Is there a way to do that now, w/out manually rigging?

 

 

oksamurai
Community Manager
Community Manager
June 11, 2021

Thanks for the feedback! This will not be for v1, but it's something we're thinking more about for the future. For now, you will still need to rig the different hand positions and trigger them. Or play around with third party stuff - someone on our team acually used Nintendo Switch controllers + JoyToKey on PC to make remote trigger buttons!

Participating Frequently
June 10, 2021

Hi, I'm enjoying the new beta.  One issue I am having is that when i move my characters arms (using my arms on the body tracking) the hands take a little while to orient themselves to the same angle as the lower arm.

 

Is there a setting somewhere that I can adjust this to speed it up a bit?

At the moment I bring the arm up to do a wave and that matches the speed of my arm on the webcam but then the hand is bent at 90 degrees and sloooowly rotates to be the correct way up to wave.

 

Probably something obvious, but it seems to be smoothing that movement and I can't find out where.

 

Thanks

oksamurai
Community Manager
Community Manager
June 10, 2021

Latency is a known issue in the current build. We are working on ways to fix this. For example, a poitential "smoothness" control that lets you control how responsive the camera is, with 0% being low latency but potentially more jittery, and 100% being smoother but having more latency.

 

If it's possible to send a video of what's happening, even if it's just a cameraphone shot of your screen, that would help us a lot. You can post here or DM it to me.

Participating Frequently
June 10, 2021

Thanks for the reply! 🙂

 

I've uploaded a terrible clip on my phone to youtube:

 

https://www.youtube.com/watch?v=4oKvgOHU0ck

 

Ignore the character's right hand behind his back, I had to hold the phone at the same time!

 

The issue I'm referring to is when I raise my hand, the camera tracks the character's left arm pretty well (and even better when I'm not trying to film at the same time!) but the hand (on its own layer) seems very slow to catch up. 

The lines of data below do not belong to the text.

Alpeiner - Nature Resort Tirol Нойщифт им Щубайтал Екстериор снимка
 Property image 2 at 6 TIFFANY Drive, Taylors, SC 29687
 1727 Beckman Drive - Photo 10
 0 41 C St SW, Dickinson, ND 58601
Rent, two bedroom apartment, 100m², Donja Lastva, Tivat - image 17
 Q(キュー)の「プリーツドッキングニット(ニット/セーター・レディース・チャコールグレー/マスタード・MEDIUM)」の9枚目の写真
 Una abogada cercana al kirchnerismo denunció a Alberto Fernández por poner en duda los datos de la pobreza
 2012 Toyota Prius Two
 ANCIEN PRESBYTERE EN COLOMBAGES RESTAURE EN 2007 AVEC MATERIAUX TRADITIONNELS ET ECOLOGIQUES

I understand that hands/fingers arent being captured yet, so I assume the hand layer is set to reorient itself to the same angle as the lower arm, but it seems very slow to get there! It might just be a slider or setting that I've done wrong?

 

Hopefully the video shows what I mean 

So for something like a wave, the hand ends up out of sync with the arm.

 

Thanks 🙂

Participating Frequently
June 7, 2021

Still only really successful using Body Tracker with the frog example puppet.  After putting some of your above suggestions to use, I was able to get "Maddy" almost there and "Dr. Applesmith" too, all but some funky leg gyrations and slippage now and then, so we're getting closer to some level of competence.

Known Participant
June 4, 2021

Just for fun, I took an excerpt of your anim and ran it through Warp Stabilzer in AE.  Mixed results;  too much stabilization on head and not enough on arms.  Attached is the side by side. FYI.

Scott

KenFabritius
New Participant
June 4, 2021

This is awesome!

 

Had a little trouble getting the body tracking set up. Then I watched your video. It's a behavior! OF COURSE! I added the behavior and it is working now!

 

I really like it!

 

Where/how do we deliver feedback?!

 

🙂

oksamurai
Community Manager
Community Manager
June 7, 2021

Thanks! You can share your feedback here!

Known Participant
June 4, 2021

The tracking is very responsive and accurate, but sometimes appears jittery. Is there a way to smooth the tacking after Record or to lower the sampling rate of the motion capture...?

 

Scott

oksamurai
Community Manager
Community Manager
June 4, 2021

Thanks for the feedback! This is something we are actively looking into - we have an internal parameter that can control latency vs. smoothness, but it's still a WIP. We're hopeful we can give users more control over this in the coming months, so please stay tuned!

Participating Frequently
June 1, 2021

Overall, the Body Tracking feature is a big leap forward for Ch. Anim. but so far the only puppet that moves flawlessly was your frog character, and even that had some issues with the feet remaining still unless moved by leg movements.  I just noticed your suggestions for setting up a character for Body Tracking in this forum, so I'll review them to see if there's anything else I can pick up outside of your initial video that will better adapt my existing characters for Body Tracking.  Thanks again for your efforts to make character animating accessible for art-challenged motion designers!

New Participant
June 1, 2021

This is amazing! Exactly what I was hoping for!
As a feature suggestion, the most useful thing for me would be having a "pose-to-pose" setting like there is for head/facial capture. Body Tracker produces some pretty floaty movement that doesn't suit some characters. Pose-to-pose works great on facial and head movement, and would make this much more usable for me.

 

Participating Frequently
June 1, 2021

First of all, this is an amazing addition -- it's been a ton of fun to mess with the past couple of days.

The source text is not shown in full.